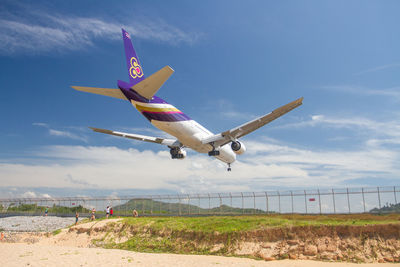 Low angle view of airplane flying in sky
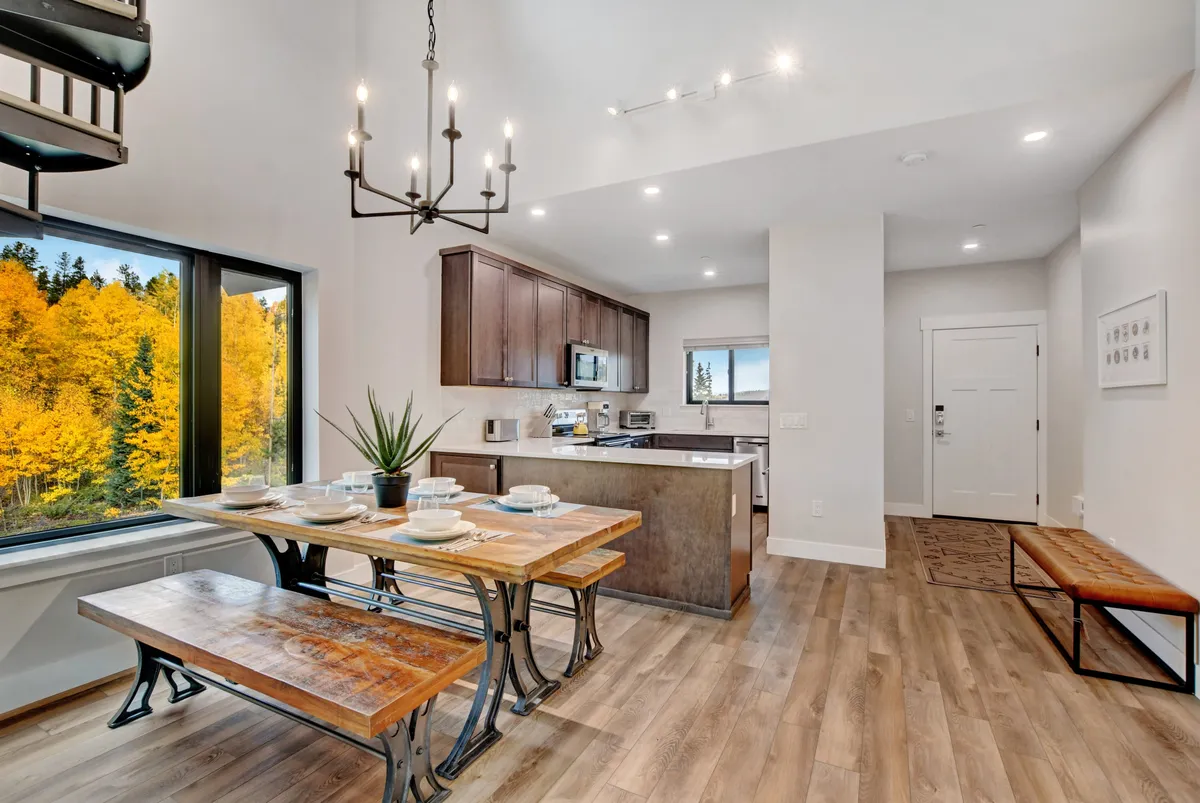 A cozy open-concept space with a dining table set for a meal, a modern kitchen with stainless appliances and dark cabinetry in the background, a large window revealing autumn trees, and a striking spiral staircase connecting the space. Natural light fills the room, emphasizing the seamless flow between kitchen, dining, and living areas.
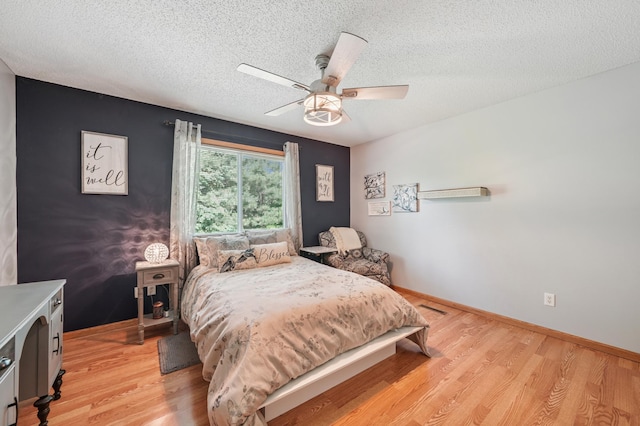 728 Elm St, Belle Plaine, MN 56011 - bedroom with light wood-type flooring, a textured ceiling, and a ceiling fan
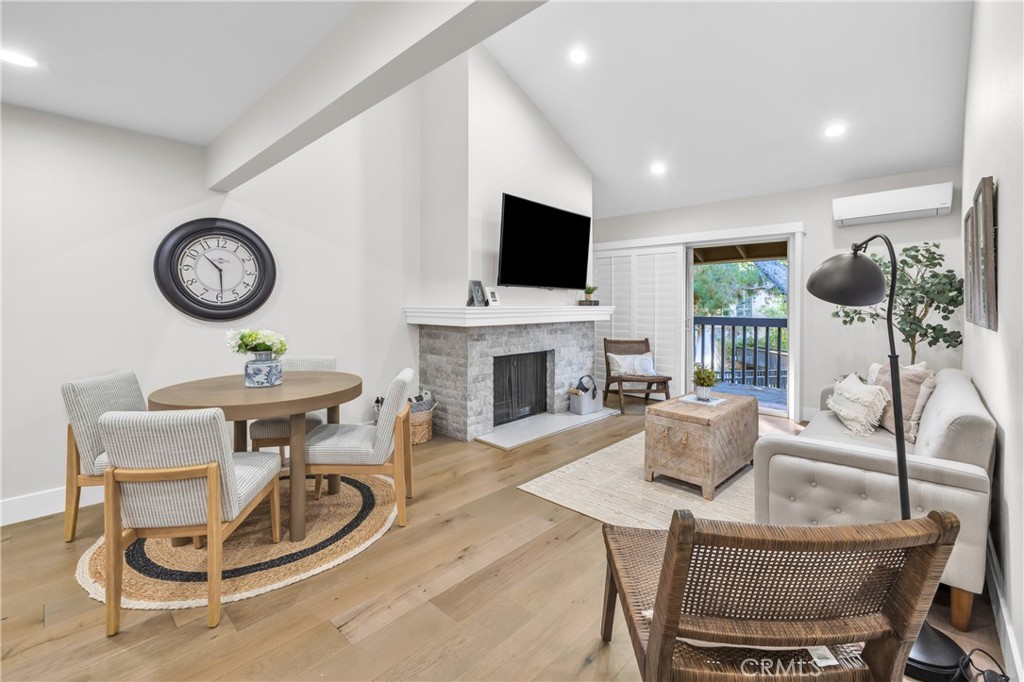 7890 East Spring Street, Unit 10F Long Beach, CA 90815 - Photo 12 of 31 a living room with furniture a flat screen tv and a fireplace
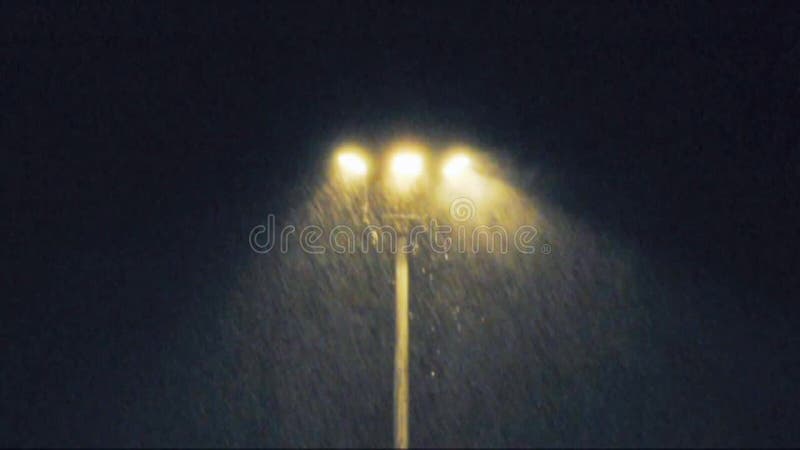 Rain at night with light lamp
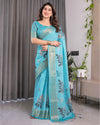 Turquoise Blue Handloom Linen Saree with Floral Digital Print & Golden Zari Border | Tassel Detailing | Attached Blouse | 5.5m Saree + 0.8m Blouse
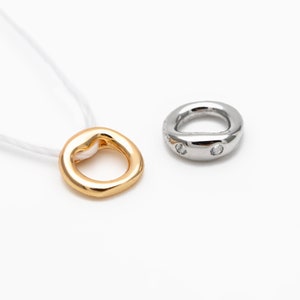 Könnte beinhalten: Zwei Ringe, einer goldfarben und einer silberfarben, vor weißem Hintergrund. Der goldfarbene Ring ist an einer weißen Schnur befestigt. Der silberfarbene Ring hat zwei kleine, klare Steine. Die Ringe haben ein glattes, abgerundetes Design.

================================

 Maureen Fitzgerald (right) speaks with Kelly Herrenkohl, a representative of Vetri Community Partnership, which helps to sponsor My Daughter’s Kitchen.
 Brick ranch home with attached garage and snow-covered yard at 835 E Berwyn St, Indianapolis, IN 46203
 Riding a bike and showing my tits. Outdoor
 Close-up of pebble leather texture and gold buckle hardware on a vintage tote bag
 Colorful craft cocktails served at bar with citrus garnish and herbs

================================

→ **Assignment**:
Word for word, restate the lines above from the line containing "Brick ranch home" through the line containing "Colorful craft cocktails", with both included and nothing else.

→ **Response to this exercise**:
 Brick ranch home with attached garage and snow-covered yard at 835 E Berwyn St, Indianapolis, IN 46203
 Riding a bike and showing my tits. Outdoor
 Close-up of pebble leather texture and gold buckle hardware on a vintage tote bag
 Colorful craft cocktails served at bar with citrus garnish and herbs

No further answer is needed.